Other tumors with a low to moderate incidence in the 24-month studies included a total of 26 of the 250 male animals and a total of 22 of the 250 female animals which demonstrated squamous cell papilloma of the nonglandular forestomach (Figure 3). In addition, a total of 20 of the 241 female animals demonstrated adenomas of the pituitary and a total of 24 of the 242 female animals demonstrated adenoma of the parathyroid (Figure 4). Furthermore, a total of 21 of the 250 male animals showed adenomas of the Harderian gland (24-month studies) and a total of 3 of the 50 male animals on the 12-month study showed adenoma of the Harderian gland. Also, a total of 11 of the 250 male animals demonstrated adenoma of the islet cells of the pancreas (Figure 5). In the hematopoietic and lymphoreticular systems, a total of 15 of the 250 male hamsters and a total of 21 of the 250 female hamsters displayed malignant lymphoma.

Figure 3.

Squamous cell papilloma in forestomach of hamster on a 24-month study. H and E.

Figure 4.

Adenoma of the parathyroids in hamster on a 24-month study. H and E.

Figure 5.

Islet cell adenoma in pancreas of hamster on the 6-month study.

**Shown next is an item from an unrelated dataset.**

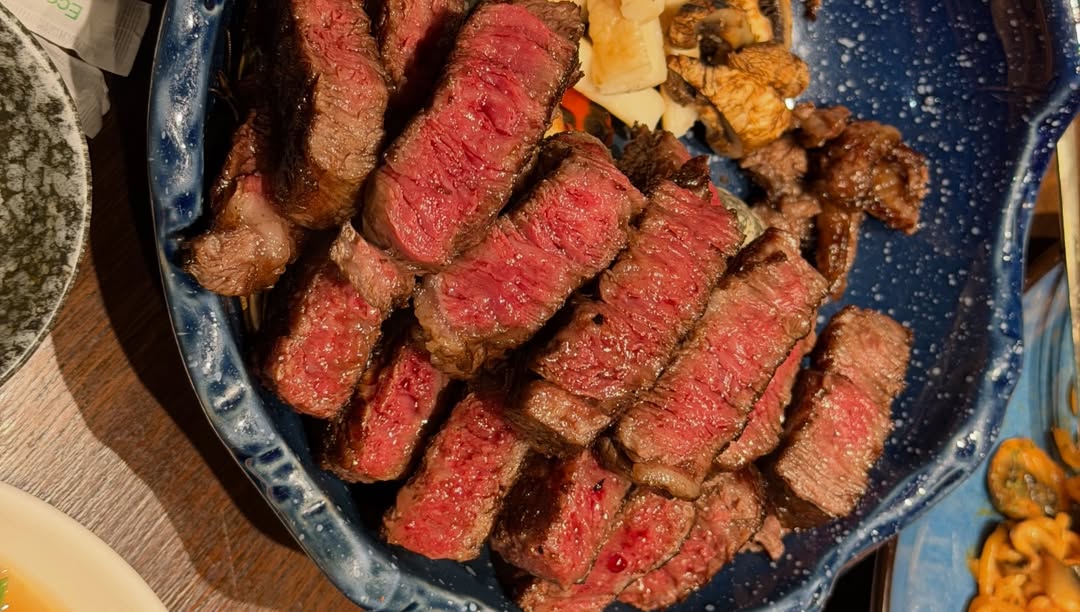 เจมส์ - จิรายุ ตั้งศรีสุข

H and E. ×100.

In female animals on the 24-month studies, a moderate incidence of benign granulosa cell tumors (Figure 6) was noted in the ovaries (total of 25 of the 250) and a moderate incidence (total of 28 of the 250) of female animals showed endometrial stromal polyps and a total of 34 of the 250 female animals demonstrated adenocarcinoma of the uterus (Figure 7). In female animals in the 24-month studies, a high incidence of squamous cell papilloma (Figure 8) was noted in the vagina (total of 57 of the 250 animals) and this finding was also present in the 12-month study, where 5 of the 50 squamous cell papillomas were noted in female animals.

Figure 6.

Benign granulosa cell tumor in ovary on a 24-month study. H and E.

Figure 7.

Adenocarcinoma in the uterus of a female hamster on a 24-month study. H and E.

Figure 8.

Squamous cell papilloma in hamster vagina on a 24-month study. H and E.

In male animals, an adenoma was noted in the epididymis of one animal on the second 24-month study. In addition, a renal carcinoma was noted on the third 24-month study (Figure 9) and an adenoma in Steno’s gland in the nasal cavity was reported on the 12-month and an adenoma and carcinoma of the nasal and paranasal cavities were reported in the 24-month studies (Figure 10). Benign and malignant ectopic C-cell tumors were noted in both male and female animals in the trachea and larynx in the 24-month studies (Figure 11).

Figure 9.

Renal tubular carcinoma present in hamster kidney on a 24-month study. H and E.

Figure 10.

Adenoma present in Steno’s gland in the nasal cavity of a hamster on a 24-month study. H and E.

Figure 11.

Ectopic C-cell tumor, benign, in the larynx of a hamster on a 24-month study. H and E. ×100.

Discussion

It is important to have information on the background tumors of hamsters, so users may compare different breeds, evaluate the worth of hamster carcinogenesis models, and eventually allow extrapolation of observations to humans (Pour et al. 1976a). In our study, male hamsters outlived female hamsters, whereas there was a higher incidence of tumors in female hamsters. The majority of the tumors in females were benign, which is in line with a study by Pour et al. (1976a), where males also outlived females that had a higher incidence of benign tumors. These results are in contrast to those in a study reported by Kirkman (1962), where the incidence of tumors in male hamsters was higher than in females.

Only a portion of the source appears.